I suppose it’s only fitting that what I intended to be a 500 word exploration of path as metaphor has now become three parts (does reality imitate metaphor, or metaphor imitate reality?). Once you start walking down a path, you realize how many branches it has! The branches that I take might not necessarily be the ones that you would take; there are endless ways in which we can understood and interpreted paths.
And here, as with all metaphors, interpretation is key. If we don’t take the time to think things through and interpret them for ourselves, then somebody else will.
This is the situation that a majority of today’s so-called religious people are in. It takes more time and effort (not to mention education) to arrive at your own conclusions.
Recently, I’ve been reading a book called Beyond Belief, which explores the differences between gospel accounts of Jesus’ life and teachings. There were dozens of gospels (NB: gospel literally means “good news”) in circulation in the centuries following Jesus’ death. For reasons as much political as theological, certain gospels were deemed ‘orthodox’ (lit: straight thinking) while others were branded as heretical.
Relevant for the discussion of path is the fact that John’s gospel wasn’t put on the list of “naughty books.” In it, we find the very famous line ““I am the way, the truth, and the light. No one comes to the Father except through me.” (John 14:6).
This image of Jesus as “The Way” has exerted great influence in Christian thinking. If you want to get to “the Father” then you’d better follow Jesus’ path (NB: father is a metaphor which I’ll explore in later weeks). It seems rather clear and unequivocal here that you really don’t have a choice. It’s not surprising that this is the line of choice for many exclusivist Christians seeking to prove that they have a monopoly on Truth.
For me, I find the exclusivist interpretations in John’s gospel to be off putting. I’m not comfortable with any human being (Christian or otherwise) insisting that there is only one true path that must be walked in a certain way.

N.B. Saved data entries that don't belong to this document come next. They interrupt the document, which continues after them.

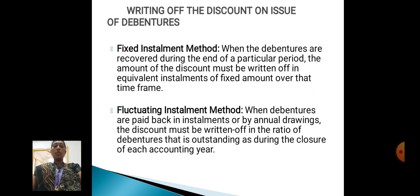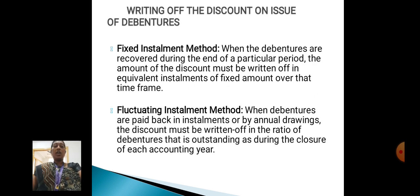Writing off the discount on issue of debentures: there are two types — Fixed Installment Method and Fluctuating Installment Method. In the Fixed Installment Method, when debentures are redeemed at the end of a particular period, the discount is written off in equal installments over the time frame. In the Fluctuating Installment Method, when debentures are paid back in installments or by annual drawings, the discount must be written off in the ratio of debentures outstanding during the close of each accounting year.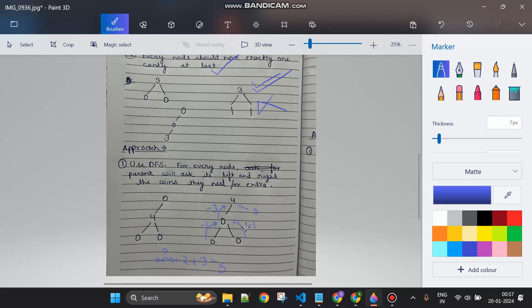So basically two things are happening: first, how many coins are needed or available, and second, the number of moves. The number of moves is updated by math.abs(left) plus math.abs(right). The return value is root.value plus left plus right minus one - this gives the number of extra or needed coins, where minus one means the current node needs exactly one coin for itself.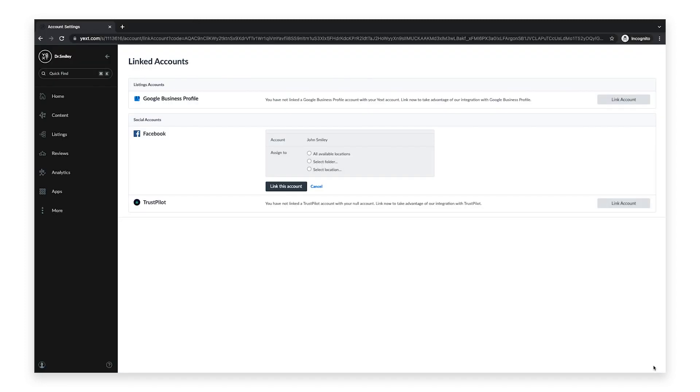Now you can select which entities you would like to assign to this account. You can assign a Facebook account to all available entities, a specific folder, or one specific entity. Once you've made your selection, click link this account.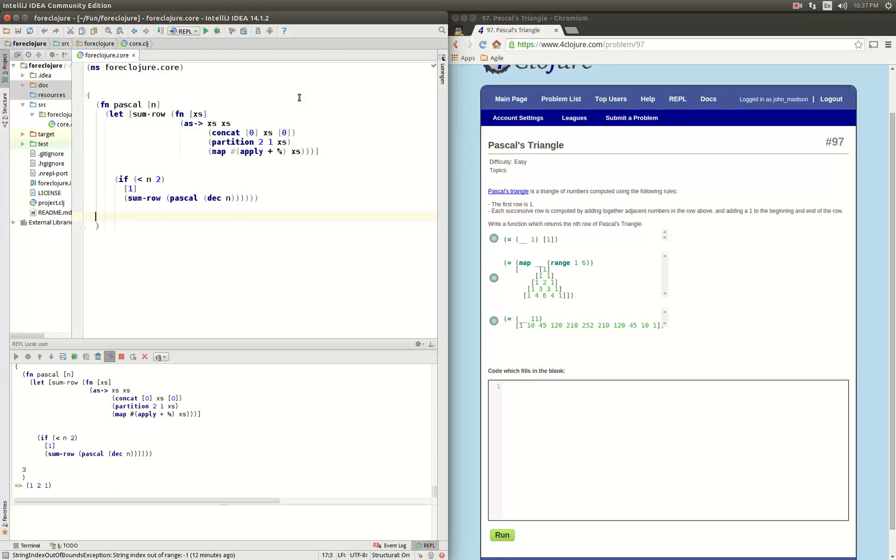1 2 1, 1 3 3 1, etc. All right, so that seems to work.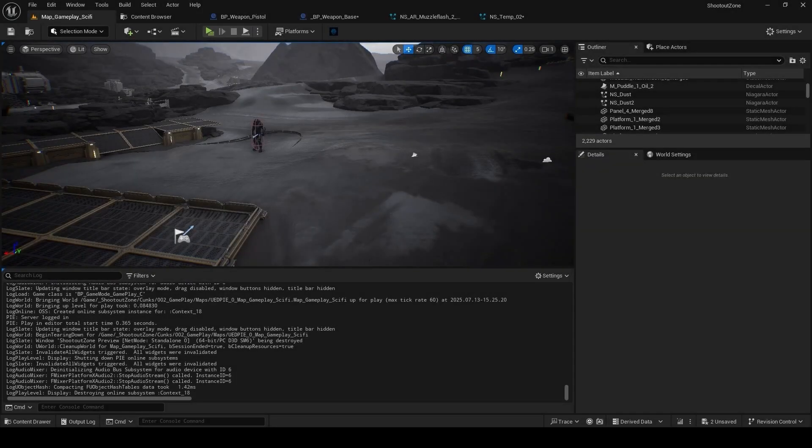Hello and welcome to Ocean Interaction, a channel for all things game and game related. I'm developing this game called Shootout Zone, it's a game for PC, mobile and VR.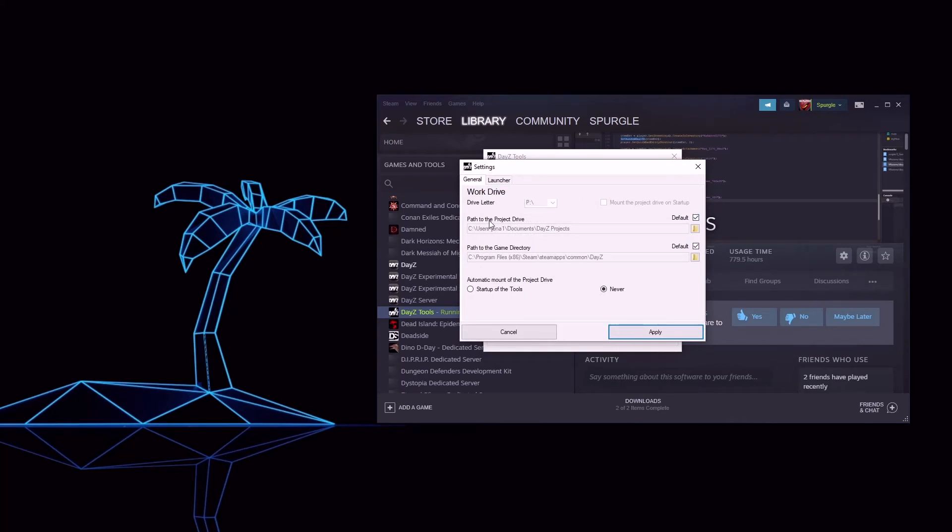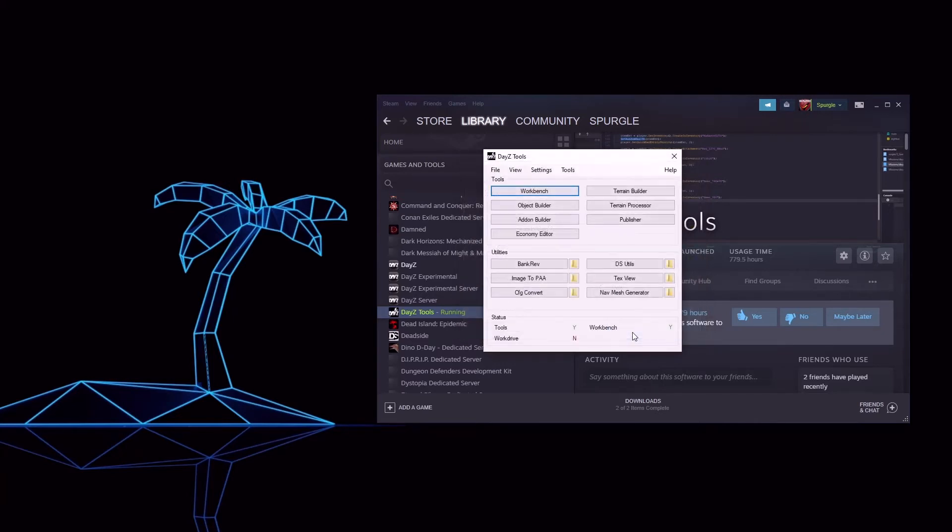Your path where you want your project drive to be, the path to your DayZ game directory, and I like to check Startup of Tools and automatic mount the P-Drive. Click Apply.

I’m even more uncomfortable with the idea that the “way to the Father” requires one to believe certain assertions (ie. Jesus was the son of God). This leads to absurd conclusions: one could lead a life of completely contrary to Jesus’ teachings, and could be “saved” as long as s/he “believes” what they’re” supposed” to.
We see a very different emphasis in the Gospel of Thomas, a text that circulated with the other gospels, but was eventually banned (see here for more info on the gnostic gospels).
“The Kingdom is inside you, and outside you. When you come to know yourselves, then you will be known, and you will see that it is you who are the children of the living Father. But if you will not know yourselves, you dwell in poverty, and it is you who are that poverty.”
Notice here that Jesus does not categorize human beings into groups who believe and those who don’t. Like the Buddhist notion that all beings have Buddha nature, Jesus indicates that we all partake of the divine nature. He has already come to this realization, and is setting an example so that others may see it as well.
The Way is what leads you to discover what you already are.
Each individual must make his/her own journey to this divine/enlightened reality within themselves. Although there are certain core principles (avoid killing, lying, etc.), there is no one-size-fits-all path.
This is why in the gnostic gospels, Jesus does not offer specific instructions (a point which lead the philosopher Plotinus to exclaim, “they are always saying to us ‘Look to God!’ but they do not tell us where or how to look.”)
The important thing is that the path you’re walking gets you to a place of love and compassion (remember Hafiz’s line about the training wheels we must put on to teach us how “to live with veracity and love”).
If devotion to Jesus gets you there, great. If sitting in silence examining your mind gets you there, great. If being the best parent/spouse/child/friend gets you there, great.
The Buddha likens his teachings to a raft that one must leave behind once on the other shore (something the Jesus in the gnostic gospels would certainly agree with). Similarly, we use a path to get somewhere, but once there, we don’t cling to it and insist that others must follow our lead.
At the end of the day, no matter which path or raft you choose, there is only one destination.
In the Gospel of Philip (another gnostic text), we find the statement that walking the path ultimately makes one “no longer a Christian, but a Christ.” Similarly, we could say that the point of hearing the Buddha’s teachings is not to become a Buddhist, but to become a Buddha.